The Einstellung effect

von Gerfried Braune

Es macht doch Spass, wenn es nicht nur im Deutschen viele Anglizismen gibt sondern auch im Englischen viele Germanismen wie etwa “Eiertanz” und andere. So bin ich beim Lesen eines Blogposts der amerikanischen Mediatorenkollegin Tammy Lenski über das ur-englische Wort “Einstellung effect” gestolpert. Die Kollegin hatte einen Artikel mit der Überschrift “Do you fall prey to the Einstellung effect in problem solving?” (Werden Sie beim Problemlösen Opfer des Einstellung-Effekts?) gepostet.

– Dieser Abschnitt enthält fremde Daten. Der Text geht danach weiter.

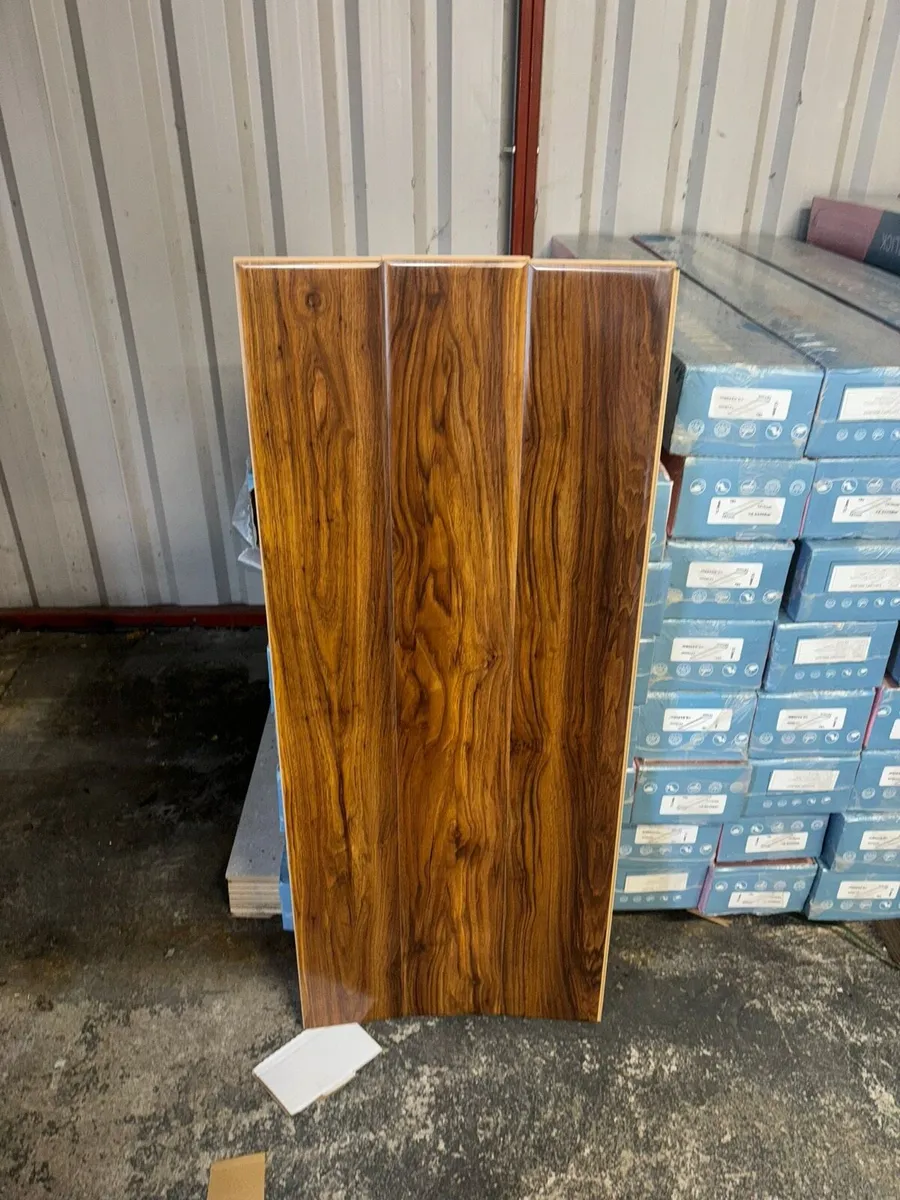 High gloss laminated flooring - Image 2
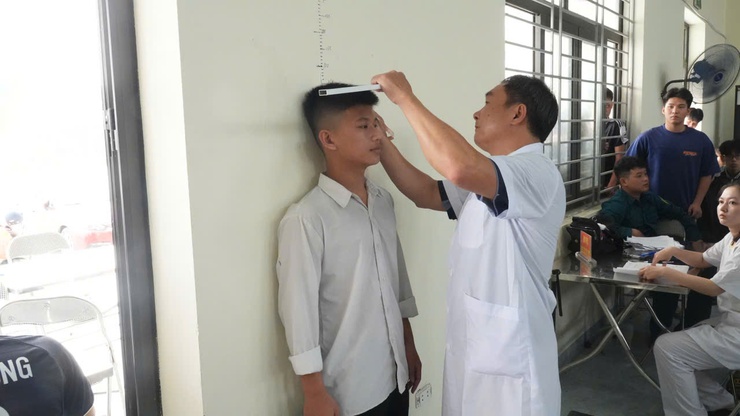 Phượng Dực tổ chức đăng ký nghĩa vụ quân sự và lực lượng dự bị năm 2026 nghiêm túc, hiệu quả- Ảnh 1.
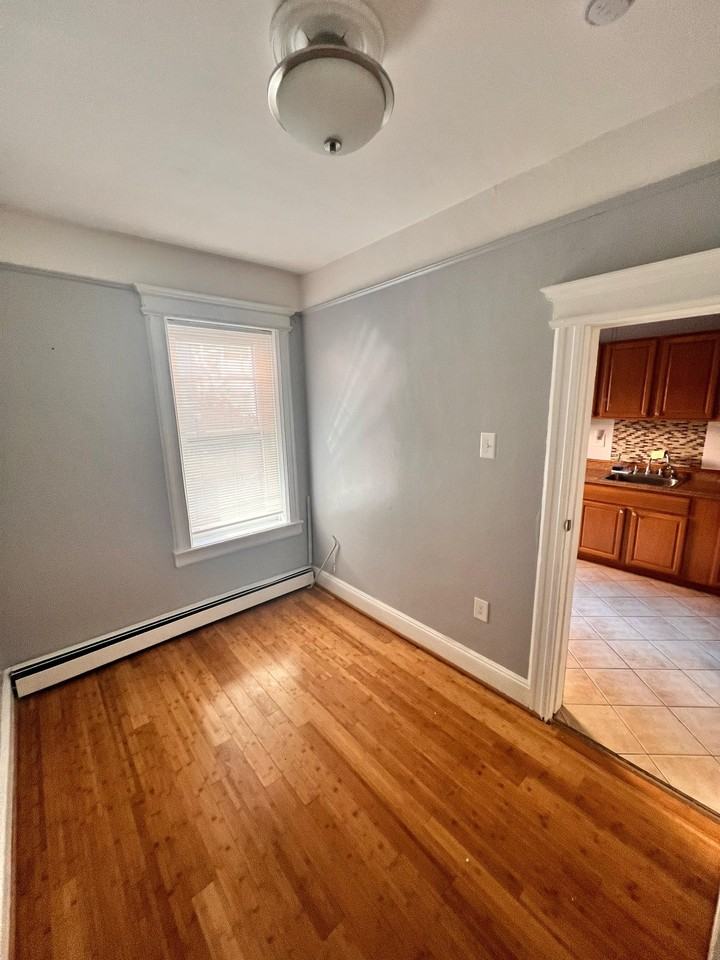 209 Garfield Ave #1R - Photo 3 of 7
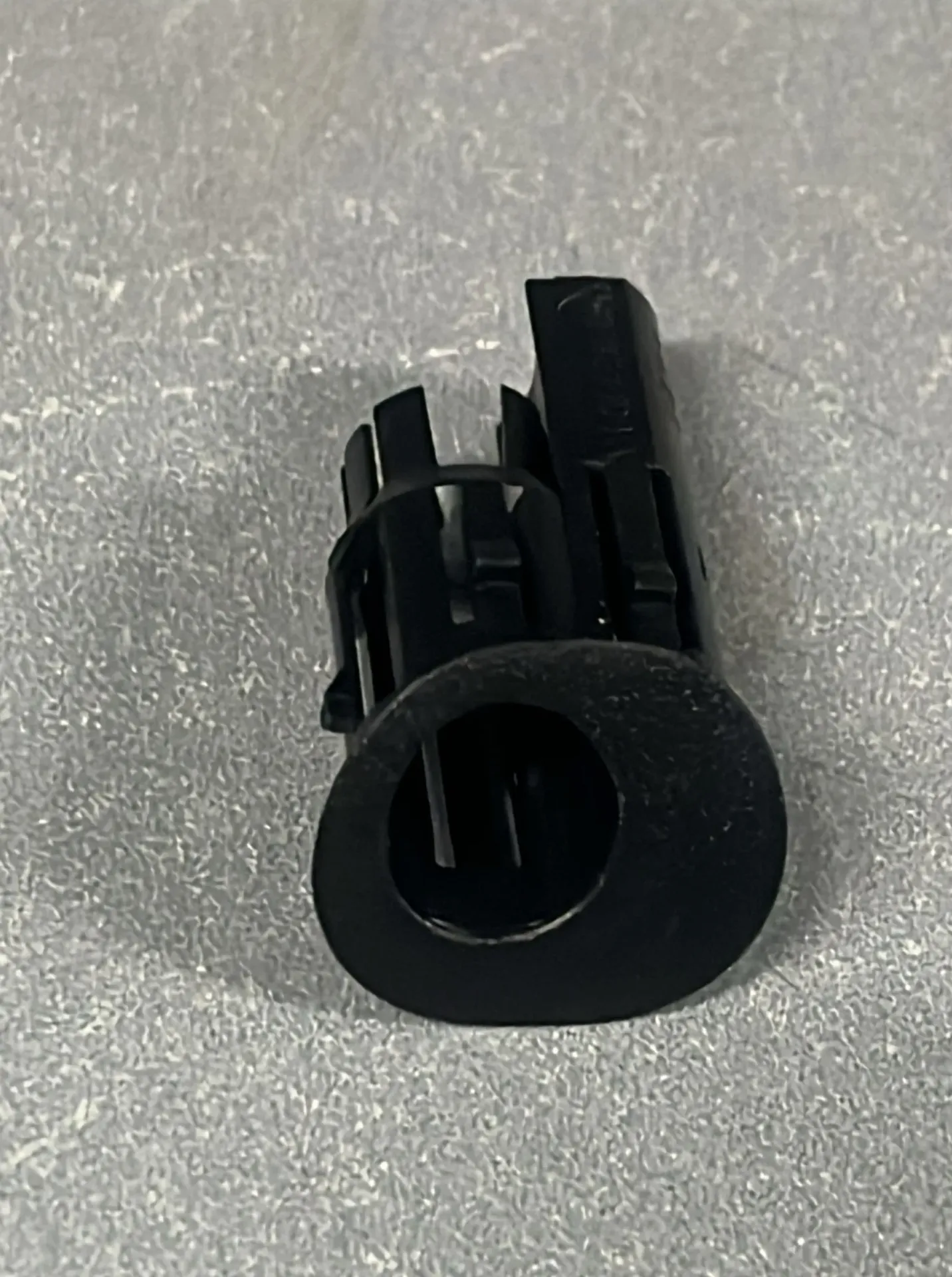 1M0867109A 01C BUTON YUVASI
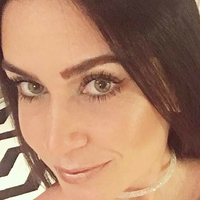 Larissa Erthal Çıplak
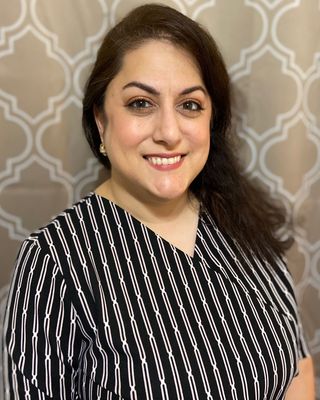 Photo of Sarah Khan, Pre-Licensed Professional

Tatsächlich ist der Einstellungseffekt durchaus praxisrelevant, auch für Mediatoren. Was ist das nun? Der Einstellungseffekt bedeutet. dass wir aufgrund früherer Erfahrungen mit der Lösung derselben Art einen früheren Lösungsweg beibehalten, obwohl es evtl. einen besseren gibt. So benannt hat den Effekt Abraham Luchins, ein amerikanischer Psychologe. Schon 1942 machte er Experimente mit Umfüllaufgaben. Er gab den Probanden 3 Wasserkannen, eine mit 21 Einheiten, eine mit 127 Einheiten und eine mit 3 Einheiten Wasser. Die Aufgabe war, genau 100 Einheiten abzumessen. Das geht recht einfach: Sie füllen die Kanne mit 127 Einheiten, füllen dann daraus die Kanne mit 21 Einheiten und füllen aus der großen Kanne noch zweimal die kleinste Kanne und es verbleiben genau 100 Einheiten.

Nachdem die Probanden diese Aufgabe gelöst hatten, stellte er ihnen wieder 3 Wasserkannen hin, eine mit 39, eine mit 15 und eine mit 3 Einheiten. Die Probanden sollten nun 18 Einheiten abmessen. Die meisten der Testteilnehmer nahmen nun die vorherige Strategie und füllten die größte Kanne, gossen dann die 15 Einheiten in die Mittlere und zweimal 3 Einheiten in die Kleine und hatten 18 Einheiten.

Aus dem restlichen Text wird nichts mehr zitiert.